De même que les Auvergnats arrivent à la gare de Lyon et les Bretons à Montparnasse, de même les Pantinois arrivent-il à Paris par la gare de l’Est. De là, il suffit de marcher quelques minutes pour rejoindre cette « très belle et très inutile porte Saint-Denis » à laquelle l’auteur rend hommage dans Nadja, et où chaque fois ses pas le ramènent malgré lui.
A titre personnel, je considère toujours les voies dans leur continuité, qu’elles soient ferrées, fluviales, ou carrossables : le canal de l’Ourcq rejoint la Seine au quai de la Rapée, la voie ferrée de l’est mène à la gare de l’Est, et l’avenue Jean-Lolive, cette ancienne rue de Paris, débouche sur la place de Stalingrad, puis la Chaussée d’Antin. Une précision, suggérée par Emmanuelle Lequeux lors de la 2e balade, conforte cette impression : la rue Lafayette, où Breton rencontrera Nadja, prolonge très exactement l’avenue Jean-Jaurès et cette rue de Paris où la famille Breton emménage en 1900.
Quel était le trajet de Breton pour se rendre au lycée ?
Lorsqu’il passe en classe de 5e, André Breton quitte l’école de la mairie pour rejoindre le lycée Chaptal, 45 boulevard des Batignolles, où il rencontrera son ami Theodor Fraenkel. Dans sa biographie André Breton le grand indésirable, Henri Béhar décrit ainsi ce qu’il suppose être l’un de ses premiers trajets de la gare de Pantin à celle des Batignolles (aujourd’hui Pont-Cardinet) :
« Le 2 octobre 1907, André Breton prend le train, en troisième classe, à Pantin pour la gare des Batignolles dont la forme rayonnante l’effraie un peu. »
Comment est-ce possible ?
Les deux gares de Pantin et des Batignolles ne sont pas reliées. Elles appartiennent à deux voies distinctes de chemin de fer, celle du nord-est (qui part de la gare de l’Est) et celle du nord-ouest (qui part de la gare Saint-Lazare).

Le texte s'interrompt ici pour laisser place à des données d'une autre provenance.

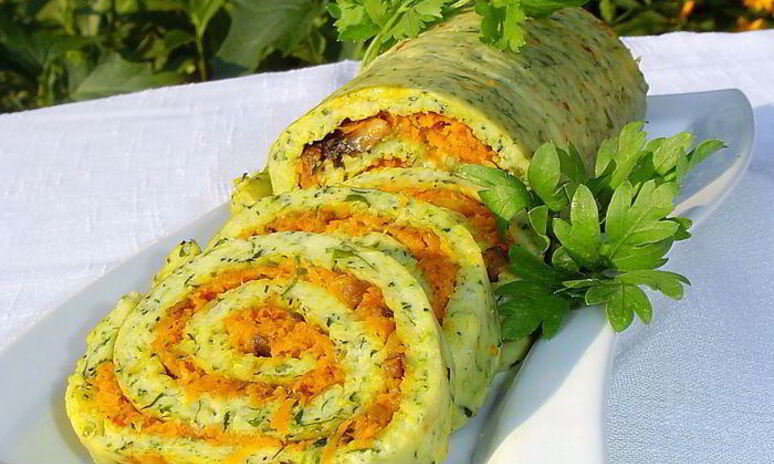 Рецепт рулет из цукини с морковно-грибной начинкой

Si l’on consulte un plan de la Petite Ceinture en 1911, il faut emprunter cette voie circulaire pour relier ces deux lignes, au moyen de deux changements : d’abord à la station Est-Ceinture, puis à la station Courcelles-Ceinture – ou, dans l’autre sens, Courcelles-Levallois. De là, le train en direction de Saint-Lazare s’arrête à la gare des Batignolles. D’ailleurs, le lycée Chaptal est bien plus proche du métro Rome que la gare des Batignolles
Il semble donc plus probable que le jeune André ait emprunté deux tramways, voire un tramway et un métro, pour se rendre au lycée. Selon un plan de tramway de 1921, il aurait pu grimper dans un tram de la ligne 21 depuis l’actuelle station Hoche (ou prendre la ligne 51 un peu plus loin) jusqu’à la station aujourd’hui appelée Jaurès, avant de faire un changement pour prendre un tramway de ceinture (ligne 5), ou encore pour emprunter la ligne 2 du métro qui existait déjà à l’époque, d’après un plan de métro en 1902. Il aurait alors rejoint la station Rue de Rome (aujourd’hui Rome) depuis la station Rue d’Allemagne (devenue Jaurès),
Qu’il ait terminé son trajet en tram ou en métro aérien, on peut supposer que son œil ingénu de petit banlieusard s’émerveillait de découvrir les enseignes lumineuses de ces bars, clubs et dancings que les boulevards de ceinture, longeant l’ancien mur de Fermiers Généraux, égrènent entre Barbès et place Clichy (panorama nocturne auquel correspond celui, actuel, des sex shops et des sunlights de Pigalle à la tombée de la nuit).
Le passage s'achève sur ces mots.